------ DATA FOR THIS EXERCISE ------

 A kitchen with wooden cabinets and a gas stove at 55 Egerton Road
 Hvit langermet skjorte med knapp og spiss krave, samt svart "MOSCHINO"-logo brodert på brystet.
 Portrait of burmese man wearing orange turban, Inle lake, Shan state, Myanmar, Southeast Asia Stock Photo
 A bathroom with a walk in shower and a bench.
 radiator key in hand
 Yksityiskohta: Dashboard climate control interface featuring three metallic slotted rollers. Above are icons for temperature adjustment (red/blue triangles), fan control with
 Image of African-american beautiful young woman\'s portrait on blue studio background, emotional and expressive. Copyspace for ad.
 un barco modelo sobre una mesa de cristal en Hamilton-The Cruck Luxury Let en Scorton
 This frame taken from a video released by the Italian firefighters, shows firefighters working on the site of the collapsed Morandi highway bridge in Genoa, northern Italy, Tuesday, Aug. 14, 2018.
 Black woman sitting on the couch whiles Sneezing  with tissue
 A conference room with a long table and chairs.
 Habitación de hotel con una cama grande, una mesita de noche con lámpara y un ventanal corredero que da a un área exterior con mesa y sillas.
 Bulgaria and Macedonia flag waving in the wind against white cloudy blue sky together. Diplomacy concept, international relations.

------

### ASSIGNMENT
Only an exact copy of the data above will do.

### RESULT OF THE TASK
 A kitchen with wooden cabinets and a gas stove at 55 Egerton Road
 Hvit langermet skjorte med knapp og spiss krave, samt svart "MOSCHINO"-logo brodert på brystet.
 Portrait of burmese man wearing orange turban, Inle lake, Shan state, Myanmar, Southeast Asia Stock Photo
 A bathroom with a walk in shower and a bench.
 radiator key in hand
 Yksityiskohta: Dashboard climate control interface featuring three metallic slotted rollers. Above are icons for temperature adjustment (red/blue triangles), fan control with
 Image of African-american beautiful young woman\'s portrait on blue studio background, emotional and expressive. Copyspace for ad.
 un barco modelo sobre una mesa de cristal en Hamilton-The Cruck Luxury Let en Scorton
 This frame taken from a video released by the Italian firefighters, shows firefighters working on the site of the collapsed Morandi highway bridge in Genoa, northern Italy, Tuesday, Aug. 14, 2018.
 Black woman sitting on the couch whiles Sneezing  with tissue
 A conference room with a long table and chairs.
 Habitación de hotel con una cama grande, una mesita de noche con lámpara y un ventanal corredero que da a un área exterior con mesa y sillas.
 Bulgaria and Macedonia flag waving in the wind against white cloudy blue sky together. Diplomacy concept, international relations.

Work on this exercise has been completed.